I've got about 6.5 tons of Green Supreme NEWP and Cubex, and another 6 tons of LG.  (I had Cleanfire but wasn't real happy with them and they swapped 'em out with LG for me).  I'm using a P61 for the basement and a PB105 (just installed) for the rest of the house.  So far, so good!


----------



## Souzafone (Oct 15, 2008)

6 tons in the basement next to 275 gals of HHO aka diesel. Almost 2 years worth of pellets, probably a decade of HHO going by my last 3 years consumption, or 13,750 miles in the TDI.


----------



## TboneMan (Oct 15, 2008)

5 1/3 tons NEWP ($199/ton early bird sale back in May).   400 gal. of propane (80% full 500 gal tank).


----------



## eernest4 (Oct 17, 2008)

No wonder there is a pellet shortage here in new england with all you pellet pigs 
hording 4 ton 5 ton and 8 ton stashes. 

I spent all afternoon & 1/4 tank of gas going to 4 stores just to hear sorry we are all sold out & we dont know when we are going to get any more or what the price will be when we do.
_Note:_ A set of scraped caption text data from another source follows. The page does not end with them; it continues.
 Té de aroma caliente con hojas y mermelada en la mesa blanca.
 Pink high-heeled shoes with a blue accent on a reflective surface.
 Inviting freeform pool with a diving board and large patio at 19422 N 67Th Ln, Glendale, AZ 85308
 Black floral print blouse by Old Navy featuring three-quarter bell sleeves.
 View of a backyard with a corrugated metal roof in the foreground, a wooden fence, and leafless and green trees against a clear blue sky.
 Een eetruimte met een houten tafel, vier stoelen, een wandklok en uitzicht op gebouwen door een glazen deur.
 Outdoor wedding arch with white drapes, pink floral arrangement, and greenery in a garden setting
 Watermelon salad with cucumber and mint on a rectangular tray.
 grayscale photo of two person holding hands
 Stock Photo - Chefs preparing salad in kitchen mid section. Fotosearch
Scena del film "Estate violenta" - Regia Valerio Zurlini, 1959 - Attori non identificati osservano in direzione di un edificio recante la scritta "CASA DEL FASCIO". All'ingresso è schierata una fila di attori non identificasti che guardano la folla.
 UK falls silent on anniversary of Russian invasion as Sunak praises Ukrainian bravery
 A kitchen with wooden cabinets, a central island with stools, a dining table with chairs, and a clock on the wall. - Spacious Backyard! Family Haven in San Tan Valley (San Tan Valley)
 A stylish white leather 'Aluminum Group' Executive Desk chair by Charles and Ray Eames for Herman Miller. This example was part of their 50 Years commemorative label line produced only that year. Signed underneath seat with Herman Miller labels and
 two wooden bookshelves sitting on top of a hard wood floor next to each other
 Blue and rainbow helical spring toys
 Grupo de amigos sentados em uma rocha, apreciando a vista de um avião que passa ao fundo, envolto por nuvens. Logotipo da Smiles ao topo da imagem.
And I was only planning on buying 15 or 20 bags.

You pellet pigs should be ashaimed of yourselves.

I have 1/2 ton of assorted pellets, twenty five bags, 15 of which were left over from the ton I bought last winter & 10 bags that i bought this year.

Its a good thing that I have 4 cords of fire wood split ,stored & seasoned or else I would be in big trouble. I am just going to have to run my secondary burn wood stove a lot more & my pellet stove infrequently to make up for all the pellet hogs overstocking & hoarding the pellet supply.


----------



## Xena (Oct 17, 2008)

eernest4 said:
			
		

> No wonder there is a pellet shortage here
> in new england with all you pellet pigs hording 4 ton 5 ton and 8 ton stashes.
> 
> I spent all afternoon & 1/4 tank of gas going to 4 stores just to hear sorry we
> ...




Pellet pigs?  Lol. Have to laugh but I don't see that being the case
at all if you do the math.

According to what I've read, the average New England homeowner
"uses 850-1200 gallons of oil to heat their home during the winter". 
(Quoted from:  http://www.house.gov/apps/list/press/ma10_delahunt/liheapne.html)
That's an average, some may use more, some may use less..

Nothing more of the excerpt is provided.